We seem to have something of an Eternal September of regex implementation knowledge (abetted by Russ Cox's amazingly selective bibliography in his posts introducing RE2).

hstaab · on Feb 13, 2020

I saw this in the repo of single file language implementations that was posted yesterday. Glad to see it on the front page now.

Here’s the repo if anyone is interested in checking out the others:

https://github.com/marcpaq/b1fipl

jstimpfle · on Feb 13, 2020

Skimming over it, the implementation looks inefficient:

    int matchstar(int c, char *regexp, char *text)
    {
        do {    /* a * matches zero or more instances */
            if (matchhere(regexp, text))
                return 1;
        } while (*text != '\0' && (*text++ == c || c == '.'));
        return 0;
    }

That can be used to match short strings, but not to grep through a filesystem. A good regex matcher has runtime O(N*M) where N is the length of the regex (typically very short) and M is the length of the scanned text.

ufo · on Feb 13, 2020

A surprising number of regex tools used in the wild employ a backtracking algorithm like this one. Some popular features such as lookaheada, lookbehinds, and backreferences can't always be matched using a finite automaton.

user2994cb · on Feb 14, 2020

An FSA matcher will be O(M) - one state transition per input character.

jstimpfle · on Feb 14, 2020

If you're looking at a specific regex (~FSA), then N is constant... If you have a function that runs an arbitrary regex, then N will vary.

raverbashing · on Feb 13, 2020

Seeing code like this I can understand why the pioneers though C code could be pretty.

But now all I see there is something more akin to a demonstration of ice carving with chainsaws than something that should be used in a production system.

leoh · on Feb 13, 2020

This would be a very good technical interview question — i.e. "implement this simple regex specification."

elteto · on Feb 13, 2020

We software types must be masochists. It took Rob Pike an hour in the comfort of his private office to write this piece of code. How is this _at all_ like a typical software interview?

dmos62 · on Feb 13, 2020

You're right.
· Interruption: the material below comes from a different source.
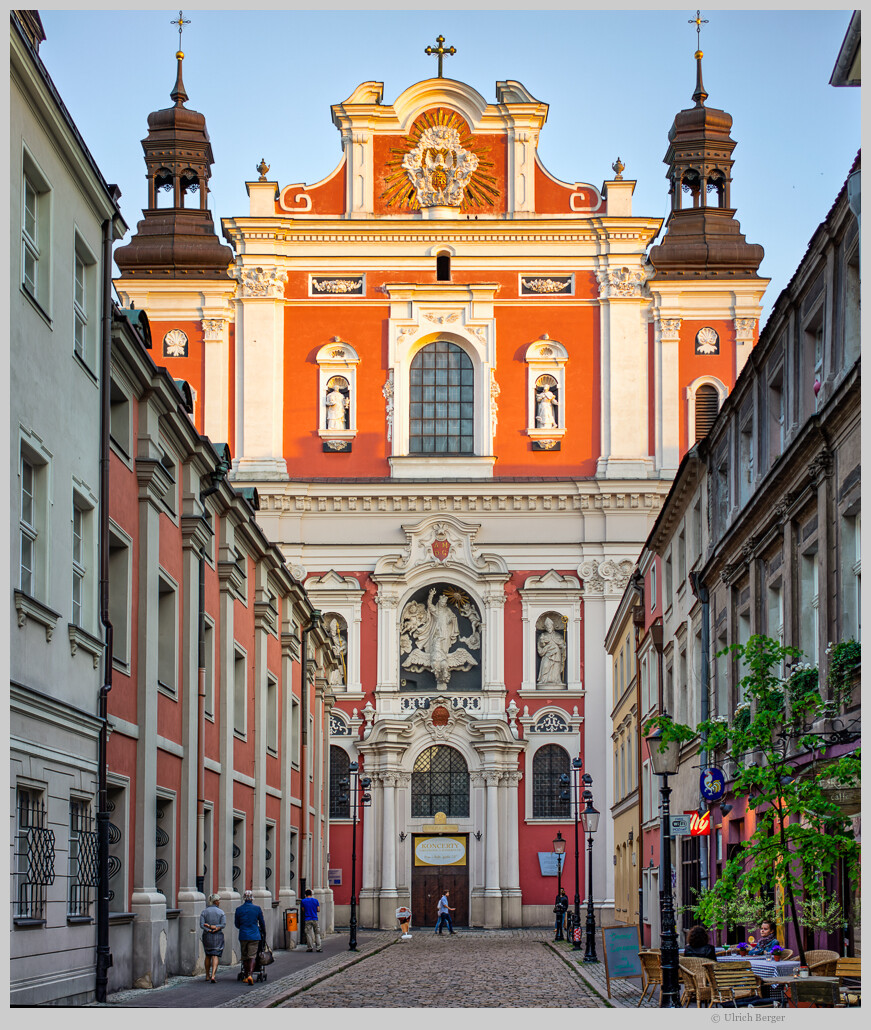 Kirche des heiligen Stanislaus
At the same time, could it be interesting to see how someone approaches (not solves) an intimidating problem?

reificator · on Feb 13, 2020

Also known as hazing.

dekhn · on Feb 13, 2020

There's a common question, "convert an RE into an NFA" (https://en.wikipedia.org/wiki/Thompson%27s_construction)
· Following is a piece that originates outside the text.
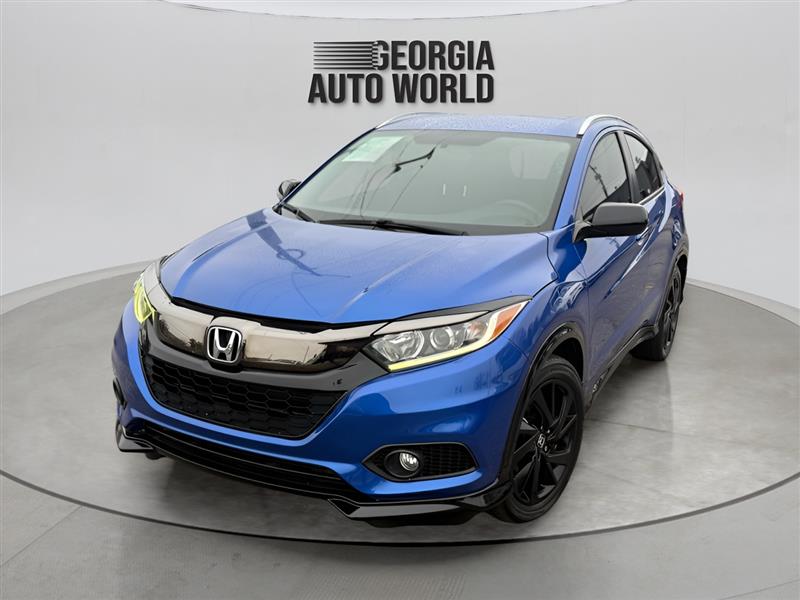 2021 Honda HR-V Sport's photo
abecedarius · on Feb 13, 2020

Have you seen that used for interviewing? Yes, some people can do it in a 1-hour interview, but wouldn't you rather ask something that can't be done from memory?

dekhn · on Feb 13, 2020

I know engineers who have asked it, yes. It really seems to be a test for "who was paying attention to that one lecture in CS205 near the end of the semester"
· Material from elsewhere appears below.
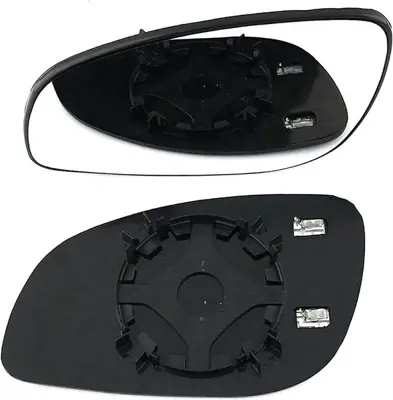 İthal 24438120 Dıkız Ayna Camı Sol Vectra C 02>09 24438120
abecedarius · on Feb 13, 2020

Wow. That's quite a tricky test, too -- if you study Thompson's original paper you can see plenty of pitfalls. E.g. his main code would loop forever on a star of a star, and he solves this in an appendix with a preprocessor to rewrite regexes of that kind, only it looked like that rewriting would blow up the size of the regex exponentially in the length of the stack of stars. No hire!

dekhn · on Feb 13, 2020

it doesn't any worse than what Huffman did for his CS classes at UCSC.

glangdale · on Feb 13, 2020

I have seen this one go by, which, from the perspective of someone who has been doing regex implementation for 14 years, more or less, is fairly amusing. It seems unfair, as someone aware of potential pitfalls of backtracking would presumably feel obligated to build a automata-based solution; someone aware also of the potential pitfalls of DFAs (failure to determinize quickly on some nasty patterns) might also feel obligated to build a Thompson or Glushkov NFA solution as well.

It's quite possible you might turn someone competent into a gibbering wreck (they are asking me to implement RE2 or Hyperscan in an hour!) :-)

adambyrtek · on Feb 13, 2020

I used to use this exact problem years ago when interviewing candidates at Google. At that time I thought it was a great question, but now I'm not that sure anymore if this approach to interviewing is the best way to assess candidates.

leoh · on Feb 13, 2020

Super interesting. Could you say more? Perhaps it depends a bit on the role?